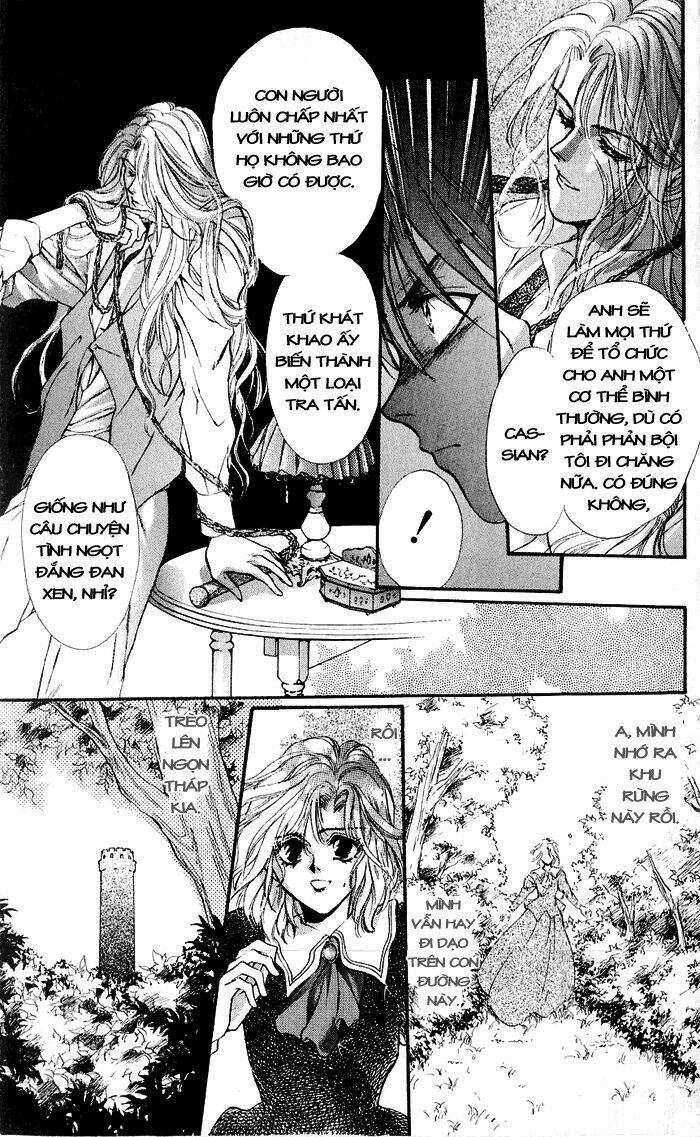 Cain Saga Chapter 23 trang 28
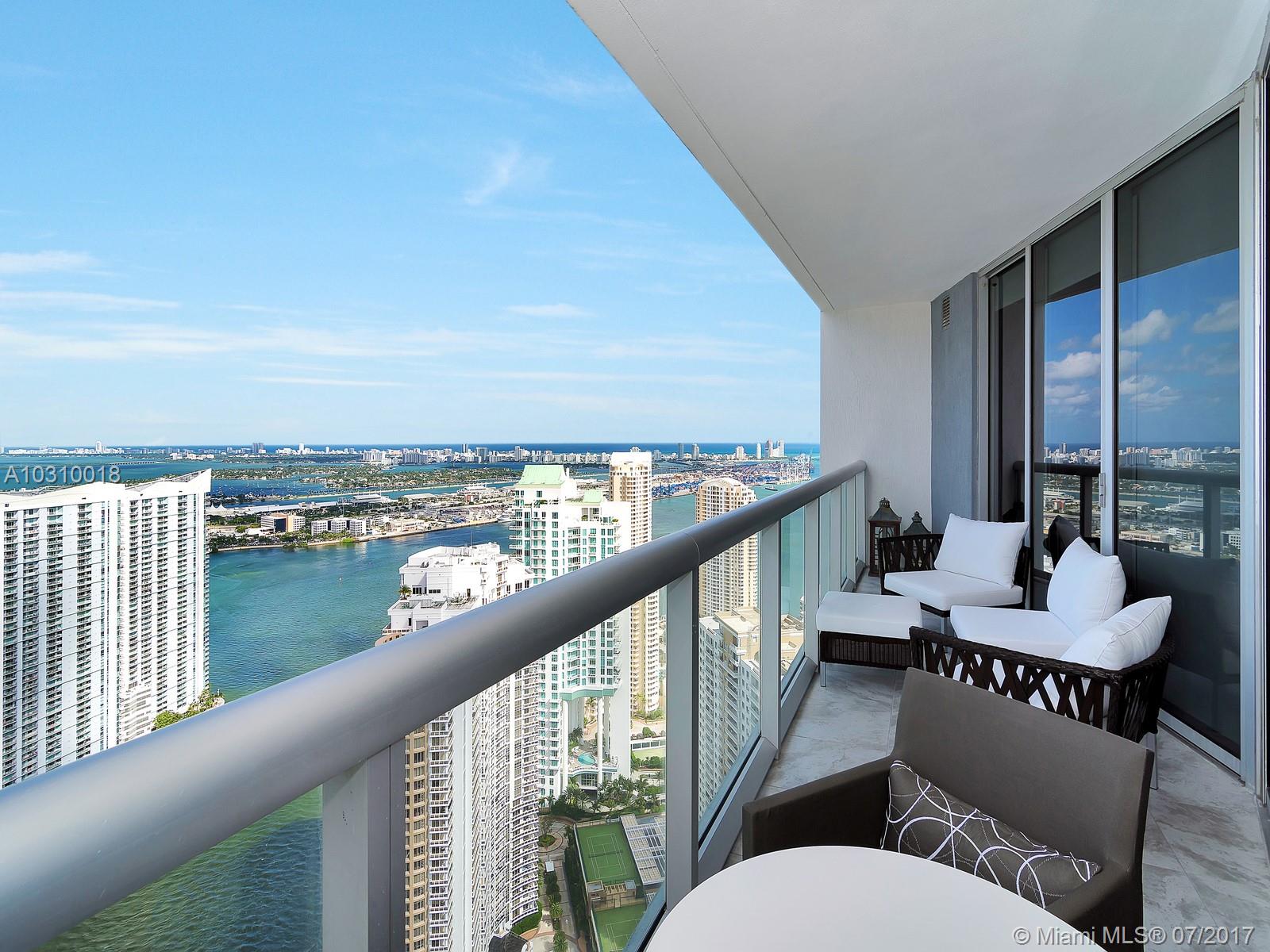 Icon Brickell Two Condo - Residential Lease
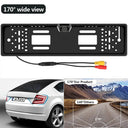 Smart Car Rear View Camera for Parking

--------------------------------

■ WORK ORDER ■
Omit the pictures and print the listing exactly.

■ SOLUTION FOR THIS TASK ■
 Cain Saga Chapter 23 trang 28
 Icon Brickell Two Condo - Residential Lease
 Smart Car Rear View Camera for Parking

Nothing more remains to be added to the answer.